L’inflation dans la zone euro a encore accéléré en avril pour atteindre un niveau record de 7,5% sur un an avec l’envolée continue des prix de l’énergie et des produits alimentaires, montre la première estimation publiée vendredi par Eurostat. L’indice des prix à la consommation calculé aux normes européennes (IPCH) avait augmenté de 7,4% en rythme annuel en mars. L’inflation sous-jacente (hors énergie et alimentation) atteint 3,9% sur un an, après 3,2% le mois dernier, et la mesure plus étroite, qui exclut aussi l’alcool et le tabac, est en hausse de 3,5%, après +2,9%. Ces deux chiffres sont supérieurs aux attentes.
La croissance de l’économie allemande a été légèrement meilleure qu’attendu au premier trimestre, grâce entre autres au dynamisme de l’investissement des entreprises, montre la première estimation du PIB publiée vendredi par Destatis, qui l’évalue à +0,2% par rapport aux trois mois précédents, et à +3,7% sur un an en données corrigées des variations saisonnières (CVS). Les économistes prévoyaient en moyenne une croissance de 0,1% d’un trimestre sur l’autre et de 3,6% sur un an. «Les conséquences économiques de la guerre en Ukraine ont eu un impact croissant sur l’évolution de la situation économique à court terme depuis la fin février», a relevé l’institut.
Le produit intérieur brut en France a stagné au premier trimestre alors que dans le même temps l’inflation continue d’augmenter. Le cocktail est explosif.

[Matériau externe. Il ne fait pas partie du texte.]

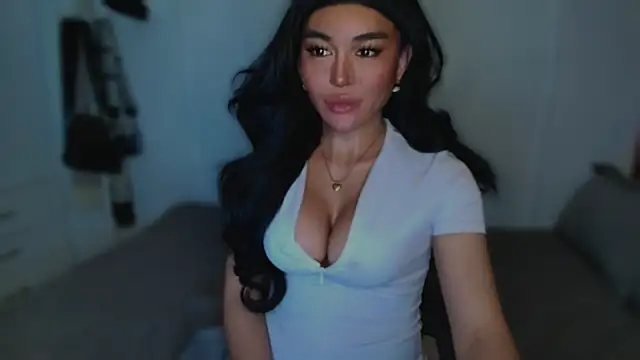 mxshemale ladyboy online show from March 8, 3:06 am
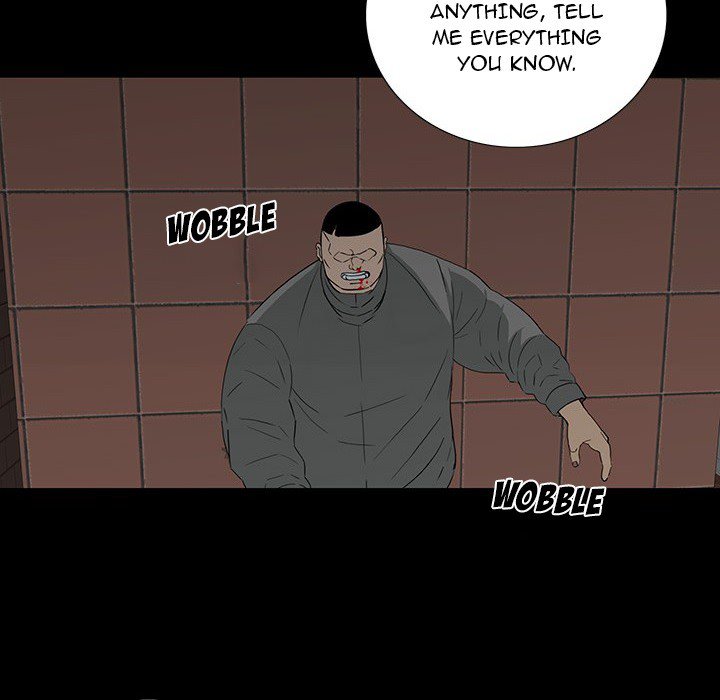 One Face - Chapter 17 [photo 28] - MangaPorn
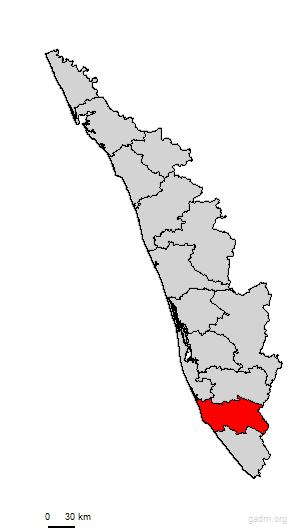 kollam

Face à la pression croissante pour accélérer les efforts des entreprises en matière de réduction des émissions de gaz à effet de serre, le premier assureur européen a déclaré vendredi qu'à compter de l’an prochain il n'émettrait plus de nouveaux contrats d’assurance dommage pour financer de nouveaux projets pétroliers et gaziers, et qu’il cesserait de renouveler les contrats existants à partir de juillet 2023. A partir de janvier 2025, il n’assurera en outre que les entreprises pétrolières et gazières qui se sont engagées pour atteindre l’objectif ‘zéro émission nette’ d’ici à 2050, y compris les grandes compagnies responsables de la majeure partie des émissions.
Les investisseurs guetteront les réunions de la Réserve fédérale américaine et de la Banque d’Angleterre la semaine prochaine, alors que les marchés s’inquiètent des conséquences du durcissement des politiques monétaires sur l'économie mondiale.
La croissance de l’économie française a marqué le pas au premier trimestre, restant stable à 0% par rapport au trimestre précédent sous l’effet des répercussions de la guerre en Ukraine, après une progression revue à +0,8% sur les trois derniers mois de 2021, selon les résultats préliminaires publiés vendredi par l’Insee. Les économistes anticipaient en moyenne une croissance de +0,3% sur la période, tout comme l’Insee dans sa dernière note de conjoncture publiée en mars, et +,025% pour la Banque de France.